Minimal curl example

curl -X POST http://localhost:8000/webhook \
     -H "Content-Type: application/json" \
     -d '{"ticket_id": 809188}'

Response:

{"merged": true}

⚙️ Configuration reference

All options are supplied via environment variables (Docker reads them from .env).
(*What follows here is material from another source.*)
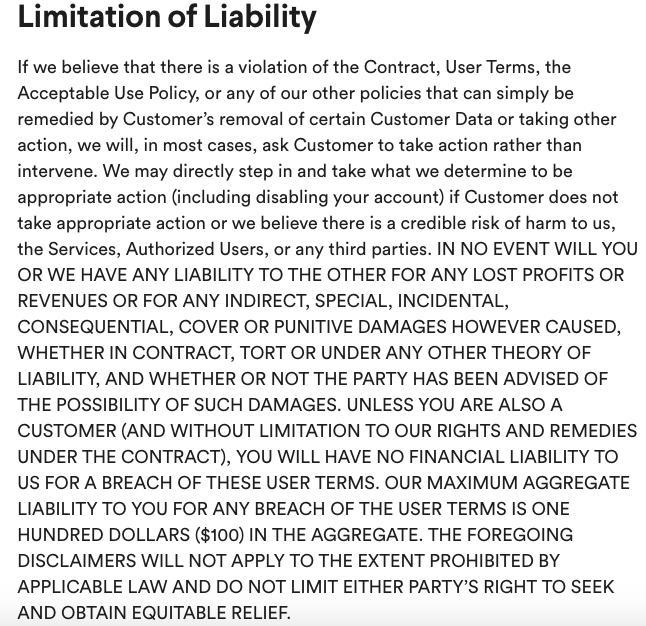 Slack User Terms of Service: Limitation of Liability clause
Variable	Description	Default
FS_DOMAIN	Freshservice sub-domain (without https)	– (required)
FS_API_KEY / FS_API_KEY_FILE	API key or path to file containing the key	– (required)
GROUP_IDS / GROUP_ID	Comma-separated list of ticket group IDs	– (required)
INDEX_PATH	Shared volume for snapshots	`/shared`
DAYS_BACK	Look-back window for trainer	`60`
EMBEDDING_MODEL	sentence-transformers model name	`all-MiniLM-L6-v2`
SIMILARITY_THRESHOLD	Probability cut-off for automatic merge (serve)	`0.9`
RELOAD_TOKEN	Secret header for `/reloadIndex`	(unset)
WEBHOOK_SECRET	HMAC secret for webhook authentication	(unset)
HF_TOKEN	Hugging Face access token (avoids rate limits)	(unset)
HF_TOKEN_FILE	Path to file containing HF token	(unset)
MODEL_CACHE_DIR	Directory for caching downloaded models	`/app/models`
FS_PER_PAGE	Pagination size when fetching tickets	`100`
FS_MAX_PAGES	Max pages per trainer run	`10`
UNMERGED_LOG	Path for tickets that were not auto-merged	`/data/unmerged_tickets.log`
REVIEW_USER	Username for review console attribution	`anonymous`
REVIEW_SIM_LOWER	Lower similarity threshold for review candidates	`0.65`
REVIEW_SIM_UPPER	Upper similarity threshold for review candidates	`0.90`
REVIEW_MAX	Maximum candidates to show in review console	`100`
REVIEW_DAYS_BACK	Days to look back for review console tickets	`60`

🤗 Hugging Face Authentication & Model Caching

To avoid rate limiting and enable offline model usage, configure Hugging Face authentication:

Option 1: Environment Variable

# Add to your .env file
HF_TOKEN=hf_xxxxxxxxxxxxxxxxxxxxxxxxx

Option 2: Token File

# Store token in a file (useful for Docker secrets)
echo "hf_xxxxxxxxxxxxxxxxxxxxxxxxx" > /path/to/hf_token.txt
HF_TOKEN_FILE=/path/to/hf_token.txt

Model Caching

Models are automatically cached after first download:

# Default cache directory (will be created if it doesn't exist)
MODEL_CACHE_DIR=/app/models

# In Docker, mount this as a volume for persistence:
# volumes:
#   - model_cache:/app/models

Benefits:

Avoids rate limits when downloading models from Hugging Face
Faster startup after first run (models loaded from cache)
Offline usage once models are cached
Bandwidth savings in production deployments

🔐 Webhook Security

When WEBHOOK_SECRET is set, the /webhook endpoint requires HMAC-SHA256 authentication:

# Generate signature
payload='{"ticket_id": 12345}'
signature=$(echo -n "$payload" | openssl dgst -sha256 -hmac "$WEBHOOK_SECRET" -hex | cut -d" " -f2)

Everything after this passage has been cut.